WORKING THE WATERFRONT: THE UPS AND DOWNS OF A REBEL LONGSHOREMAN by Gilbert Mers, Austin, Texas: University of Texas Press, 274 pp., $19.95 `WORKING the Waterfront,'' Gilbert Mers's autobiography, is a chronicle of the working life of a maverick labor leader and ``true believer.'' From the time he began working as a stevedore on the Corpus Christi docks in 1929, Mers held fast to the conviction that labor and management are implacable enemies. In the face of widespread opposition from the top as well as the bottom of the union movement, he preached labor solidarity and the need for collective action through industrywide unionism. He deplored what he perceived to be the lack of class consciousness of leaders and laborers alike.
Some of Mers's harshest criticism is leveled at ``responsible'' unions that abided by their contracts and stayed on the job while other workers in their industry were on strike. Once, after describing how a work gang in Galveston compromised on safety standards to set a record for moving bales of cotton, he gloomily concludes, ``It's a phenomenon of working class history ... how the American worker has so willingly swapped favorable working conditions for money.'' To Mers, the real heroes of the labor movement are the unemployed workers during the depths of the depression who, regardless of the plight of their families, refused to become scabs.
Part of the problem of Mers's white-hat, black-hat vision of labor relations is that it doesn't allow for much analysis of complex problems. For example, as part of the settlement of the Gulf Coast longshoremen's strike of 1935, the leadership of the International Longshoremen's Association agreed to give a union charter to a group of strikebreakers in Houston. At a contract committee meeting, Mers and a handful of dissidents took a hard line and argued to keep the scabs out. The leadership carried the day by an overwhelming margin, arguing that granting a charter to the strikebreakers would be a way of teaching them ``good union behavior'' and would benefit the union in the long run. Mers still looks at it as a sellout of basic working-class principles. Maybe. But it's just grandstanding to preach ideology without speculating on its consequences.
Should (or could) the leadership have pushed to continue the two-month strike, with the rank and file prepared to accept (as they did) the wage package that management offered at the start of negotiations? Was the issue worth the risk of alienating Labor Secretary Frances Perkins, a proven friend of labor, whose personal emissary hammered out the agreement? If the strikebreakers continued on the job, was it in management's or labor's interest to freeze them out of the union? These questions are never addressed.
This is not to say that Mers does not come honestly by his view of labor-management relations. Some of the most graphic and harrowing sections of the book deal with the goon-squad tactics of the Texas Rangers, who not only brutalized and intimidated strikers but also did the same to scabs, holding them prisoners as forced labor to break strikes.

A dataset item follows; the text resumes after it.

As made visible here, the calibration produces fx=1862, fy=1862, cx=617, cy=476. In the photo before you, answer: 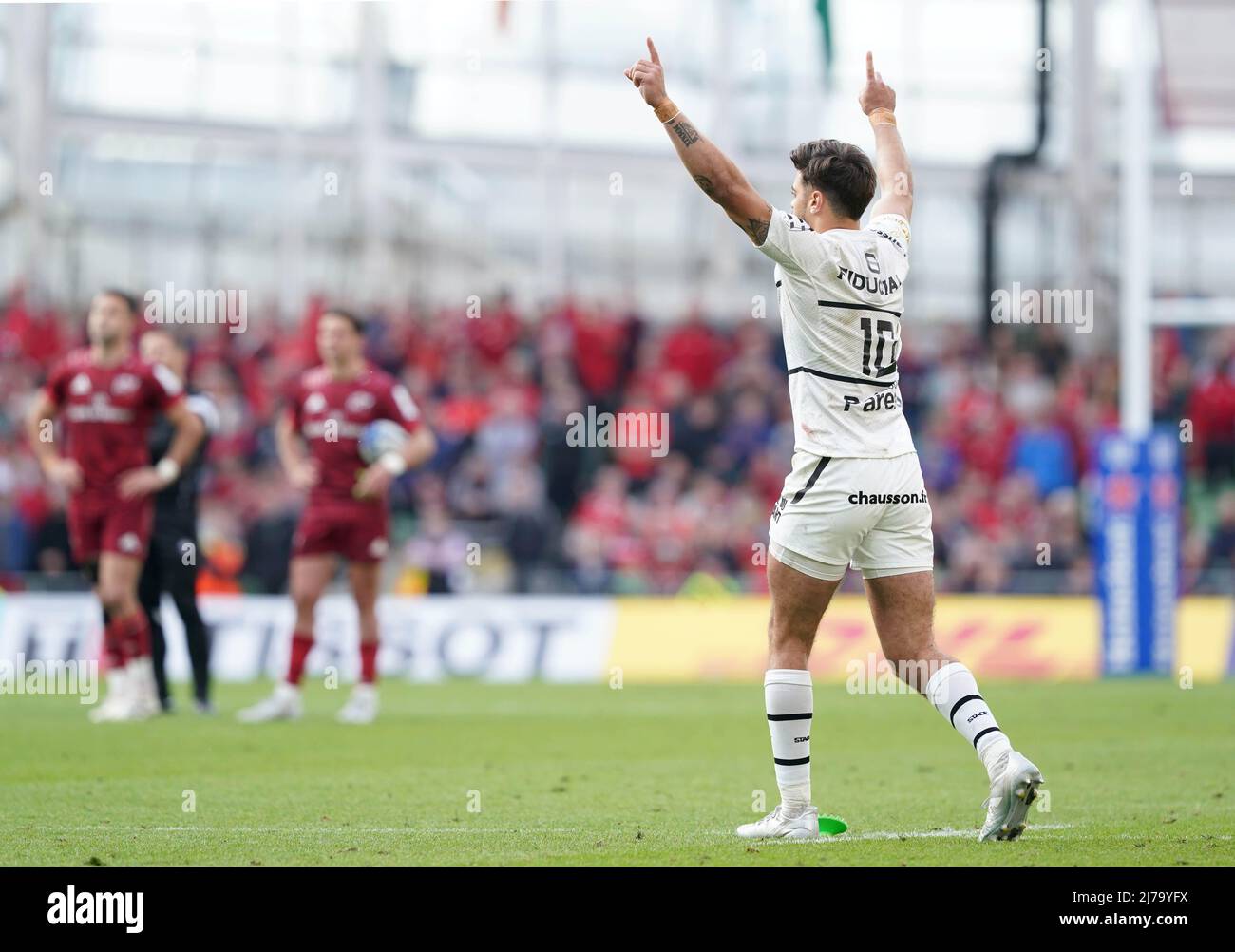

A fledgling author, Mers has been ill-served by the editorial staff of the University of Texas Press. Though the raw material of a far more interesting work is clearly there, the author hasn't quite decided what kind of book he wants to write - an autobiography or a meditation on his particular union principles. The result is a rambling, often superficial narrative with many loose ends.
But at the end, Mers's views seem frozen in the brawling '30s. Writing in 1988, he offers the preamble to the constitution of the IWW (Industrial Workers of the World, or Wobblies) as a guide to American labor, an ideal ``battered but intact.'' While workers' ``paradises'' behind the Iron Curtain struggle to get out from under the deadening impact of centralized economics and grope toward freedom and individual initiative, Mers still believes labor's role - and destiny - is to destroy capitalism.
When it is in the mutual interest of labor and management to have their industries survive and flourish in this fiercely competitive global economy, which means give-and-take and a new set of relationships, Mers still believes that ``the working class and the employing class have nothing in common.'' And, after decades of gulags, mass murders, and wars of liberation in the name of a transcendent Utopian vision, Mers still believes that ``the land begs to be taken back by the people for the people.'' Battered ideals for sure, but intact?